Y por sus museos, cabría añadir. Los museos modernos, empezando por el Louvre, se fundaron sobre la base de un ideal ilustrado: el valor universal de la experiencia artística. Un pasaje de la novela de George Eliot Middlemarch, escrita en torno a 1870-1872, ilustra elocuentemente sus implicaciones morales. Dorothea Brooke, que está visitando Roma por primera vez, decide comprar unos camafeos antiguos como regalo para su hermana. Lo hace con escrúpulos. “Me gustaría embellecer la vida —quiero decir la vida de todo el mundo—. De modo que todo este gasto inmenso en arte, que parece de algún modo ajeno a la vida y no mejora el mundo, me da pena. Lo que me impide gozar de estas cosas es la conciencia de que la mayor parte de la gente está excluida de ese goce”.

Los museos modernos, el Louvre, el Prado o la National Gallery de Londres, nacieron para reducir esa exclusión. La mayor preocupación de sus responsables (y la mayor dificultad de su gestión) estriba en mejorar el número de sus visitantes, manteniendo o mejorando al mismo tiempo la calidad de la experiencia que ofrecen. Pero junto a ellos, o frente a ellos, han aparecido los llamados “museos de arte contemporáneo”, un conjunto de instituciones que tienen poco público y dicen ocuparse sobre todo de la experiencia artística en sí. Aunque comparten el nombre de museos constituyen una especie aparte. Su distancia respecto de los museos normales forma parte de una escisión más amplia que concierne al mercado y que ha dado lugar a una categoría separada del mismo, con sus propias ferias y sus secciones especializadas en las subastas. En líneas generales ambas secesiones se gestaron en los años setenta del siglo pasado, básicamente en la misma época en que se gestaba el proceso histórico que Ariño y Romero etiquetan como “secesión de los ricos”.

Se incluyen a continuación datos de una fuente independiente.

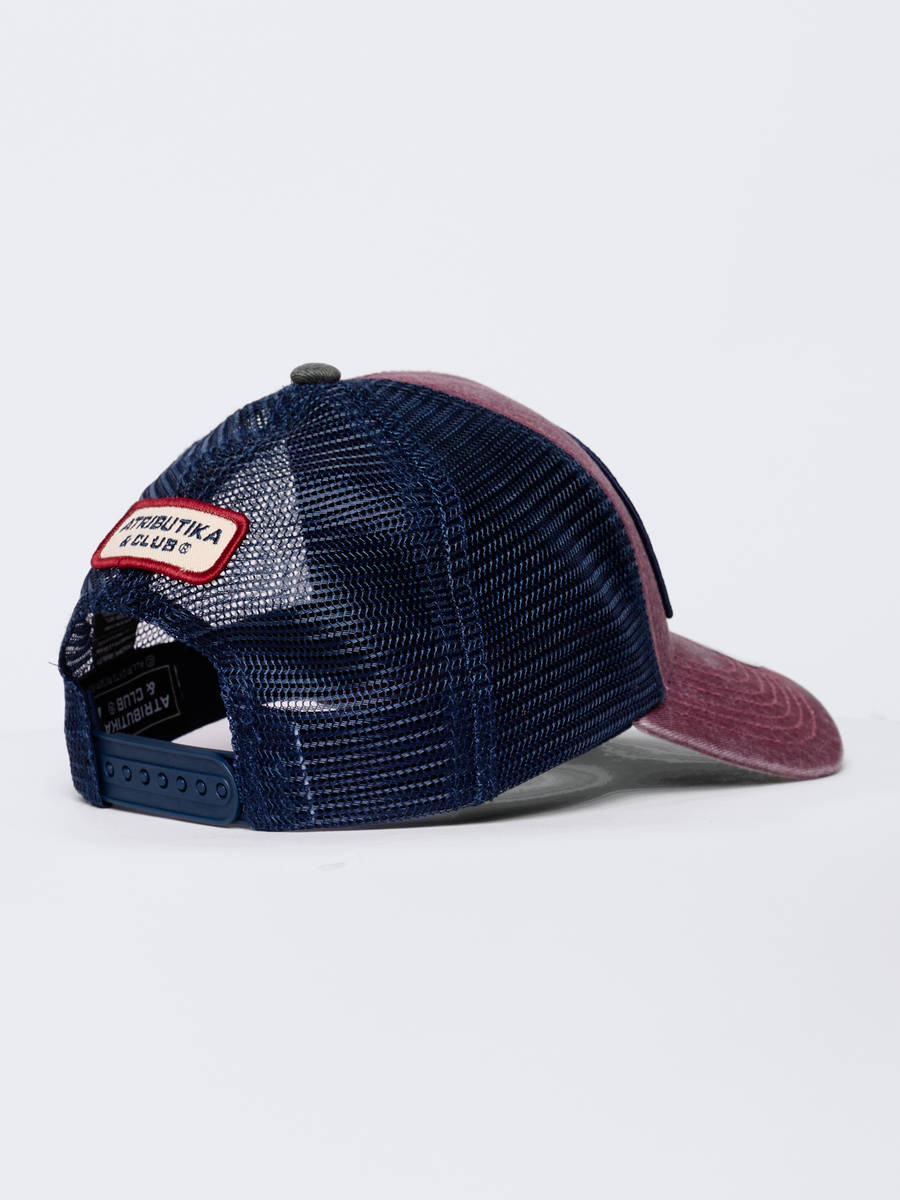 Бейсболка NHL Colorado Avalanche с сеткой (подростковая)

Esas dos secesiones, la de los museos y la del mercado de arte contemporáneo, están interrelacionadas. Según un estudio publicado en The Art Newspaper en 2015, un tercio de las exposiciones organizadas por los principales museos norteamericanos de arte contemporáneo entre 2007 y 2013 se centraron en artistas representados por cinco galerías de Nueva York: Gagosian, Pace, Marian Goodman, Zwirner y Hauser & Wirth. En el caso de los museos de Nueva York el porcentaje correspondiente a esas cinco galerías alcanzó el 45%.

¿Cómo se ha originado esa situación? Los relatos que circulan en el mundo del arte apuntan a una ruptura que surgió en Nueva York en la década de los setenta como una rebelión contra el pop art. La protagonizaban artistas críticos con el éxito comercial de esa tendencia y que reclamaban el derecho de hacer un arte radicalmente indiferente u hostil a las expectativas del público. Las galerías punteras no tardaron en convertir esa hostilidad en una cualidad vendible, precisamente, como privilegio de exclusividad. Representada por artistas como Carl André, Donald Judd, Bruce Naumann, Robert Smithson, Richard Long, Walter de María o James Turrell, esa tendencia se expandió hasta ocupar la totalidad de un espacio específico que hoy se nos presenta genéricamente como “arte contemporáneo”. Visto desde la perspectiva de sus cuatro décadas de existencia, su rasgo fundamental parece ser la voluntad de contradecir radicalmente la reflexión de Dorothea Brooke en Middlemarch: proponer como goce artístico precisamente la conciencia de que la mayor parte de la gente está excluida de ese goce.

Tomàs Llorens es historiador del arte y fue director del Reina Sofía (1988-1990).